As soon as such an event occurs, our Company shall notify the Customer thereof in writing and the scheduled performance periods are extended by the duration of the event as a matter of law.
If the case of force majeure persists for more than three (3) months, either party may cancel the order by registered letter with return receipt, cancellation being acquired by operation of the law fifteen (15) days after the registered letter is first presented. In the event, the portion of the order already performed shall be acquired by the Customer, in consideration for payment of the price, and the Customer undertakes to refund our Company in respect of the costs it has incurred in carrying out the order.
11. PERSONAL DATA
During their contractual relations, the Parties are required to collect personal data from the other Party, such processing being indispensable for the performance of their respective obligations. Therefore, each Party undertakes to comply with the regulations relating to the protection of privacy and in particular the European Data Protection Regulation of 27 April 2016 (« GDPR »). This information and personal data must be kept securely for as long as necessary for the performance of the contract and any applicable guarantees.

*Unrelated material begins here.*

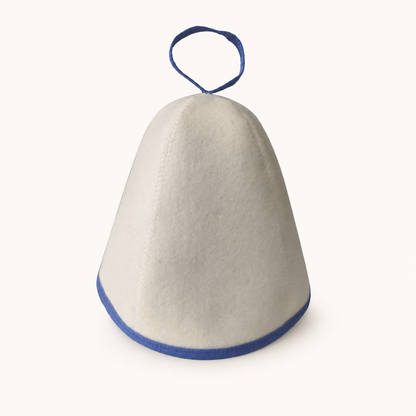 White felt Arctic Nut Banya Hat with blue trim on a plain warm-white background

Access to such personal data shall be strictly limited to the employees of the data controller of each Party who are entitled to process them by virtue of their position. The information collected may possibly be communicated to subcontractors for the performance of subcontracted tasks; the latter must undertake to comply with the GDPR under the same conditions. Apart from the cases set out above, the Parties shall refrain from selling, renting, transferring or giving third parties access to the data without the prior consent of the other Party.

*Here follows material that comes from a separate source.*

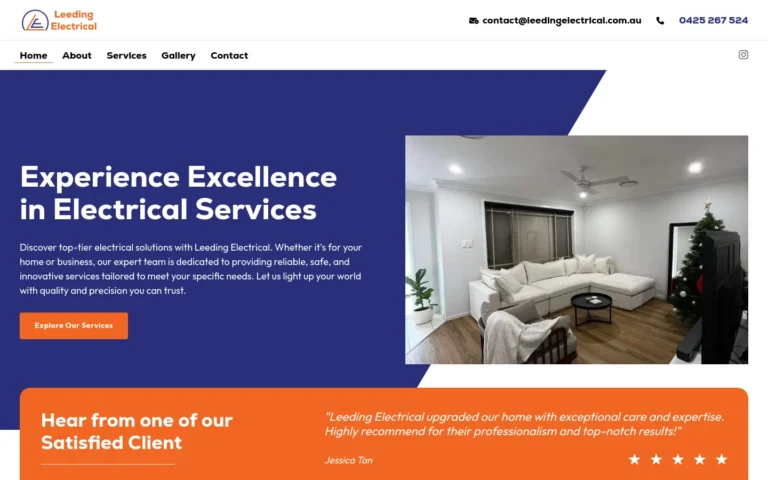 Modern living room with Christmas tree and white couch.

12. GOVERNING LAW – DISPUTES
These general conditions and the sales and services they govern are subject to French law to the exclusion of all other local, industry-wide or business practice.

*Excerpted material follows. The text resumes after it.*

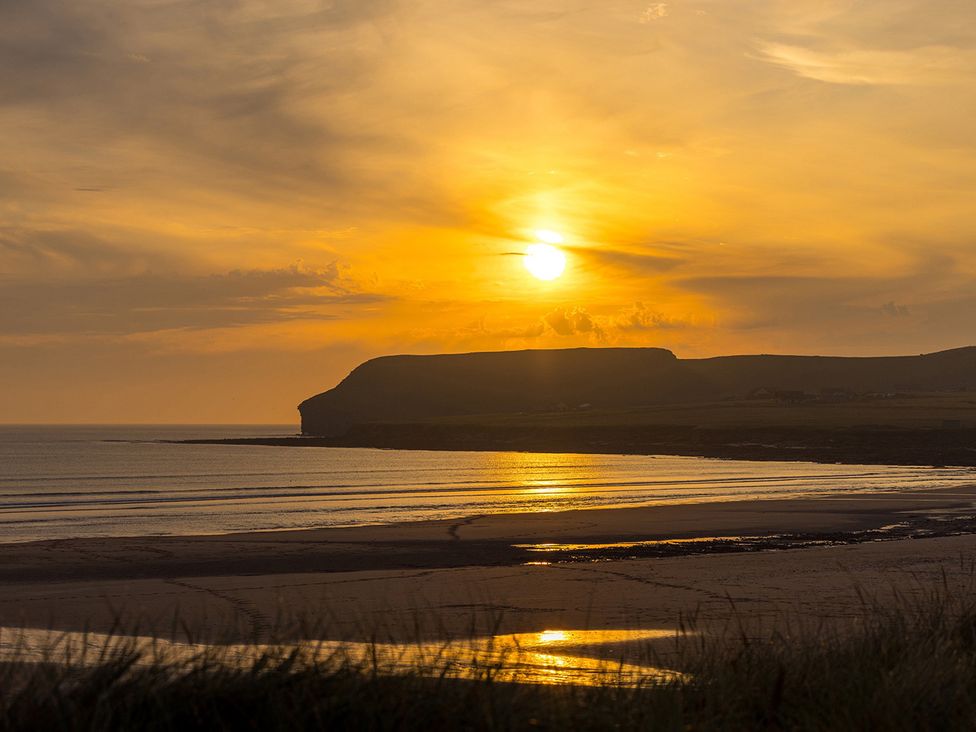 A sunset over the sea with hills in the background at Short Walk to the Beach - 2 Guests - Free Parking in Thurso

ANY DISPUTE ON THE SUBJECT OF THE APPLICATION OF THESE GENERAL CONDITIONS, THEIR INTERPRETATION, PERFORMANCE AND THE CONTRACTS AND ORDERS AGREED BY OUR COMPANY PURSUANT TO THESE GENERAL CONDITIONS, SHALL BE BROUGHT BEFORE THE COMMERCIAL DIVISION OF THE COURT IN LYON, EVEN IN CASE OF URGENT PROCEEDINGS, MULTIPLE DEFENDANTS OR ACTION TO ENFORCE A THIRD-PARTY WARRANTY.
These general conditions are drafted in French. Where translated into another language, the French version alone shall prevail.